Geologic History of the Southeastern United States and Its Effects on Soils of the Region M.J. Guccione and D.L. Zachary University of Arkansas
Chapter Contents
INTRODUCTION
Of the five factors of soil formation, the geologic history of a region directly affects four factors and indirectly affects the remaining factor. Parent material is the soil-forming factor most directly associated with geology. Rocks and sediment present at the earth’s surface that serve as parent material for soil are the result of the geologic history of a region. Thus, to understand the distribution of the soils in a region, we must understand the distribution of the rock and sediment. A second factor of soil formation is time, and this is also determined by the geologic history of the region. Though a soil can be no older than rock or sediment that it is formed in, the actual duration of weathering is most commonly the result of landscape evolution and is only locally determined by the age of the rock or sediment. Topography is the third factor affected by the geologic history, and this is also the result of landscape evolution. Topography may also be affected by the physical properties of the rock or sediment that control the angle of repose or the maximum slope of a material.
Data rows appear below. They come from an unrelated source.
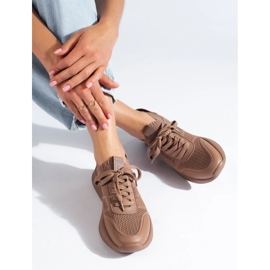 Tênis esportivo feminino marrom Big Star LL274416 Memory Foam bege 2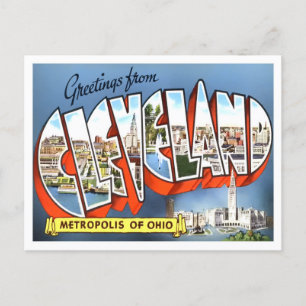 Cleveland, Ohio Vintage Große Buchstaben Postkarte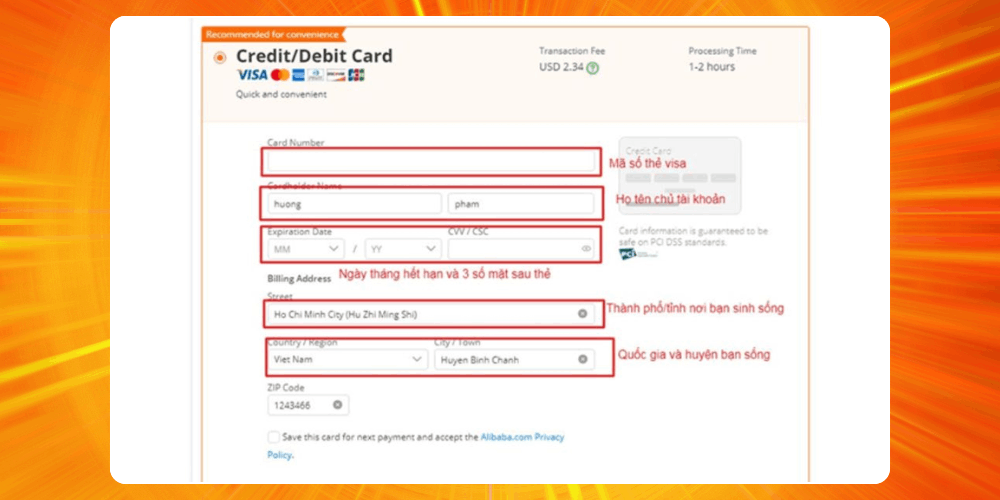 Thanh toán đơn mua hộ hàng hoá Alibaba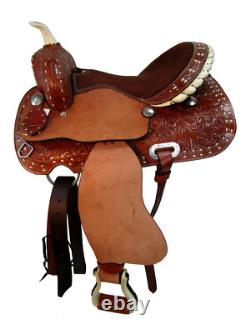 Used 15 16 Western Saddle Barrel Racing Horse Pleasure Tooled Leather Tack Set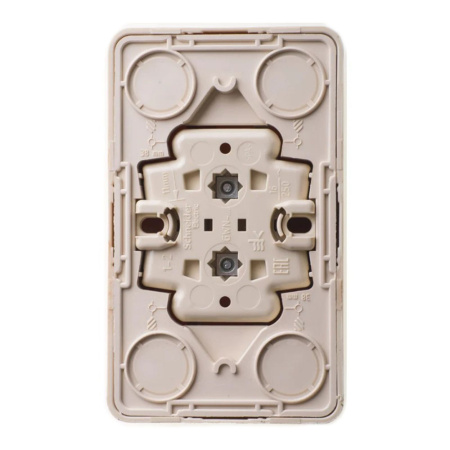 Картинка Розетка 2-ная накладная без заземления без шторок Сосна Systeme Electric Этюд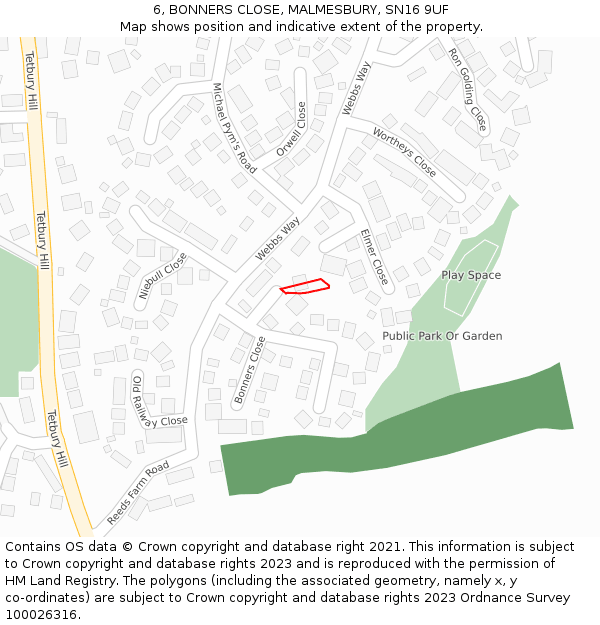 6, BONNERS CLOSE, MALMESBURY, SN16 9UF: Location map and indicative extent of plot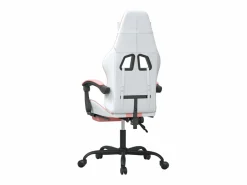 Clicnbuy Silla gaming giratoria y reposapiés cuero sintético blanco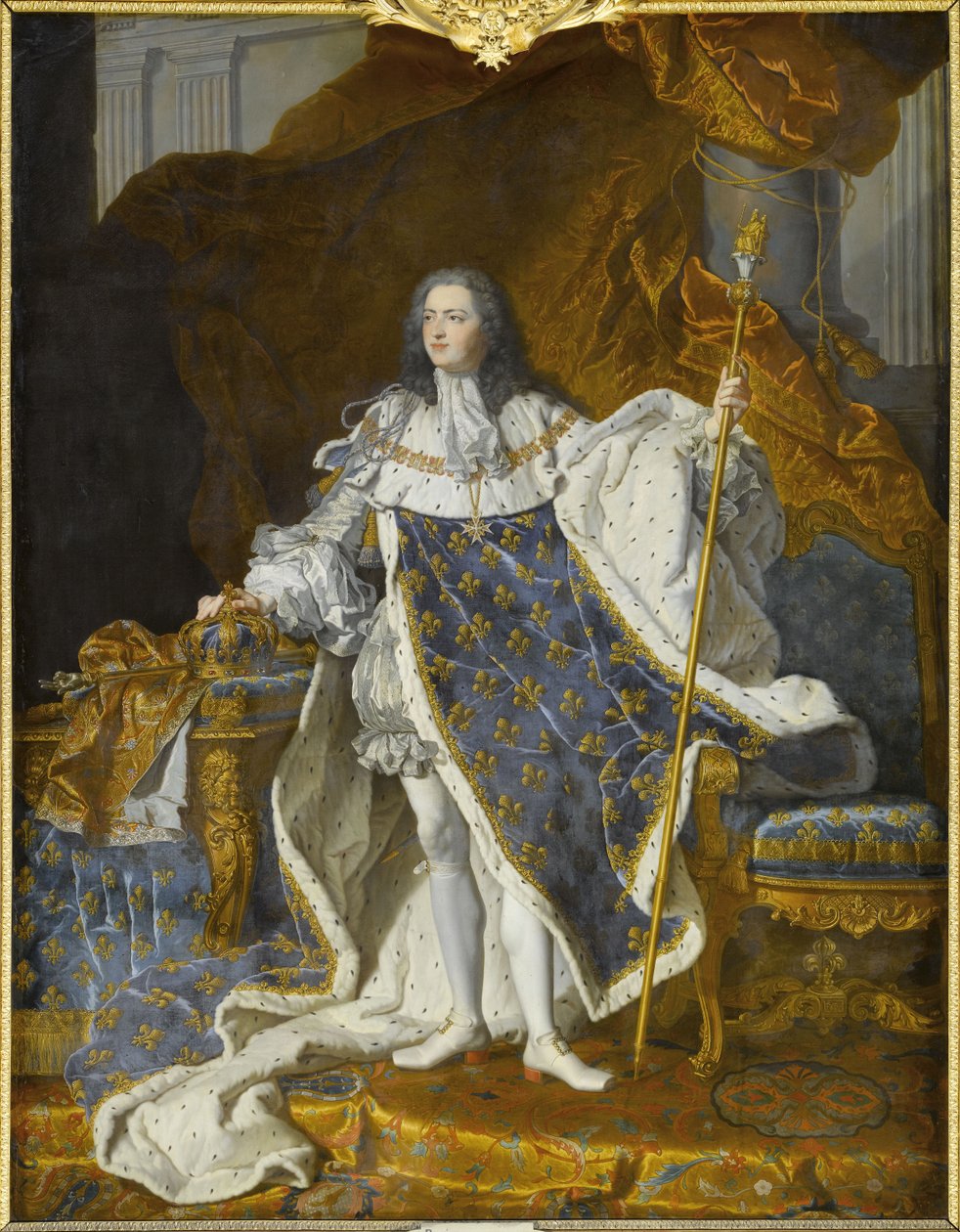 Retrato de Luís XV em seu traje real de Hyacinthe François Honoré Rigaud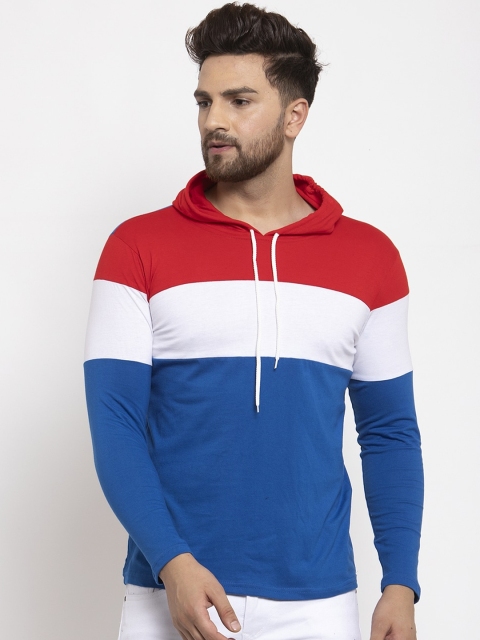 

KATSO Men Red Colourblocked Hood T-shirt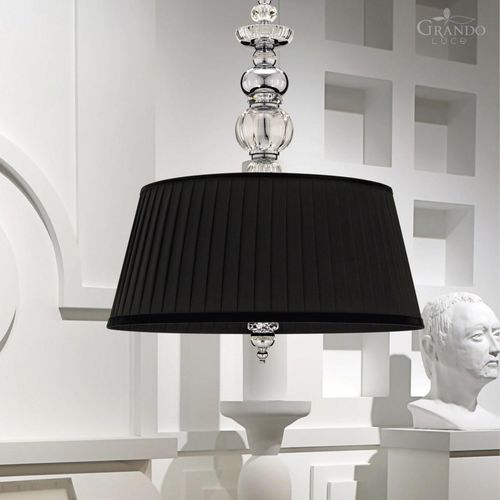 Hängelampe - JULIANA - grandoluce - Chrom / Swarovski®-Kristall / Stoff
The fourth factor, climate, is affected by the latitudinal position of a region on the earth’s surface and its position with respect to the rest of the continent, the ocean basins, and large lakes. All of these features are controlled by movement of the earth’s plates. In addition, the surrounding topography also controls the local climate. The last factor of soil formation, vegetation, is indirectly the result of the geologic history. Vegetation is controlled by climate, topography, and parent material, all of which are affected by the geologic history of an area.
The purpose of this introductory chapter is to examine this geologic history of the southeastern United States as a framework to explain the distribution of rock and sediment in the region and the evolution of the landscape. These factors will provide the setting for the soils that we find today.
GEOLOGIC TIME AND A CALENDAR
The geologic history of surface features in the southeastern United States is long and diverse and can only be discussed within the framework of a geologic time scale. The scale, illustrated in Fig. 1, separates Precambrian rocks formed during the first 87% of geologic time from rocks and sediments of the Phanerozoic Eon that formed during the last 13% of geologic time.
Events in geologic history during the Precambrian Eon are poorly known. Most Precambrian rocks are covered today by a veneer of Phanerozoic sedimentary rocks and are known from only a few areas in the southeastern United States. Organisms with calcitic or aragonitic skeletons did not evolve until late in the Precambrian and were not available for the development of a time scale. With the evolution and expansion of skeletal and shelled organisms at the end of the Precambrian, the basis for a time scale appeared.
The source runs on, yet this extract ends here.